Il y a quelques jours, sur son compte Instagram, Jelena Dokic a partagé certains aspects de sa vie privée, mais a aussi évoqué la santé mentale. Qu’en pensez-vous du fait que, désormais, certains athlètes parlent ouvertement de la santé mentale ?

C’est une bonne chose. Il faut comprendre aussi comment le joueur de tennis se construit. On part à un très jeune âge du foyer familial. Nous sommes dans un sport individuel où on ne s’épanche très peu, où on se livre très peu. On a toujours l’impression que si on se dévoile, on donne des failles et des opportunités aux autres d’en profiter. On prend tout sur nous. On se construit comme cela et à un moment donné, il y a un trop-plein. Je pense qu’il faut que, lorsqu’on est jeune, c’est d’avoir la possibilité très rapidement de s’exprimer sur les choses difficiles à vivre au quotidien et d’être entouré. Il y a toujours eu ce stress de la compétition, du classement, des attentes personnelles. Il y a désormais les réseaux sociaux qui rajoutent des choses, notamment pour la nouvelle génération. En tout cas, c’est bien qu’il y ait des joueuses et des joueurs qui s’expriment sur le sujet.

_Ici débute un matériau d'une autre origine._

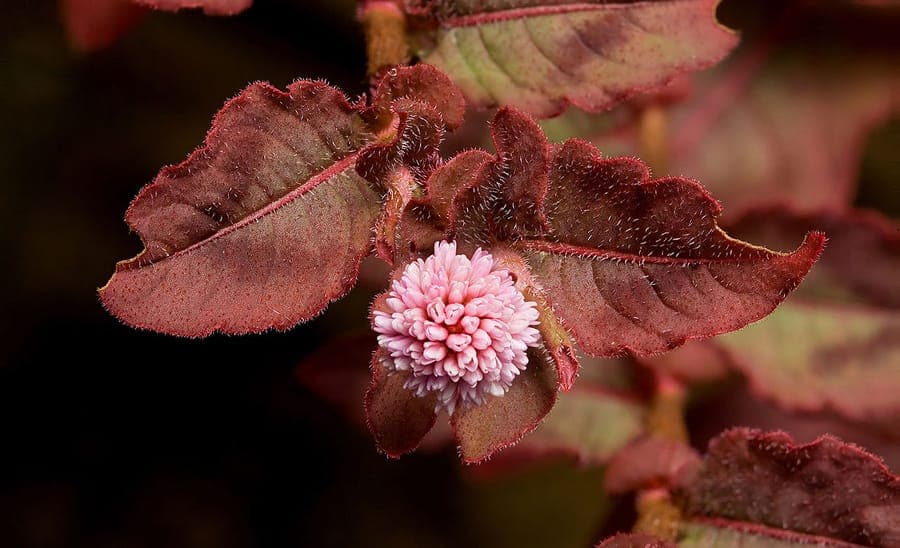 Persicaria capitata montrant les caracteristiques fleurs pompom roses et feuillage marbure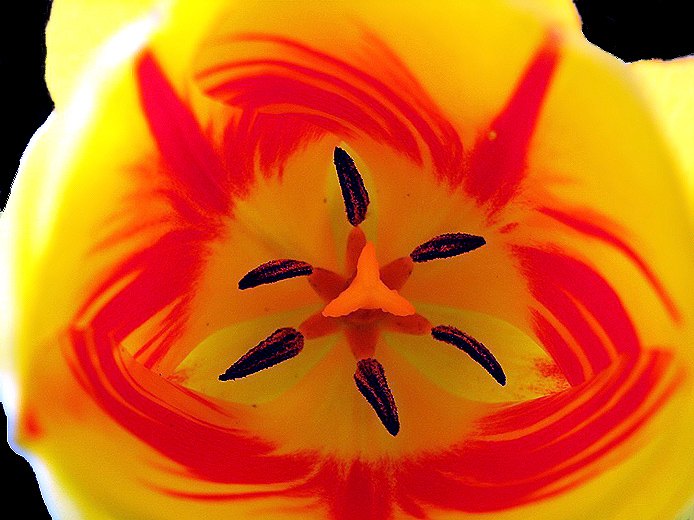 flower wallpaper mp3 mp3 songs free beautiful flowers flower wallpaper mp3 mp3 songs free beautiful flowers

Nicolas Mahut, associé à Zhang Shuai, disputait aussi le double Mixte cette année à Wimbledon. / ©SoTennis

Concernant la nouvelle édition du tournoi féminin que vous organisez, l’Open P2i Angers Arena Loire (du 5 au 11 décembre 2022), est-ce que le plateau se dessine ?

Il est encore trop tôt pour évoquer le plateau. Pauline Parmentier est toujours l’ambassadrice du tournoi et je lui fais confiance pour avoir le plus beau plateau possible. Nous allons essayer de proposer le meilleur plateau possible, qu’il y ait un maximum de joueuses françaises qui viennent le jouer. Pour l’instant, nous aurons des qualifications plus réduites, 8 joueuses au lieu de 16, car nous n’avons pas pu nous mettre d’accord avec la FFT et les matches par équipes (qui se déroulent à la même période). Comme directeur de tournoi, cela me fait faire des économies, mais mon objectif reste de donner la possibilité à un maximum de joueuses françaises de jouer. Nous allons tenter, aussi, de proposer au public Angevin, plus d’animations, une exhibition en fin de semaine.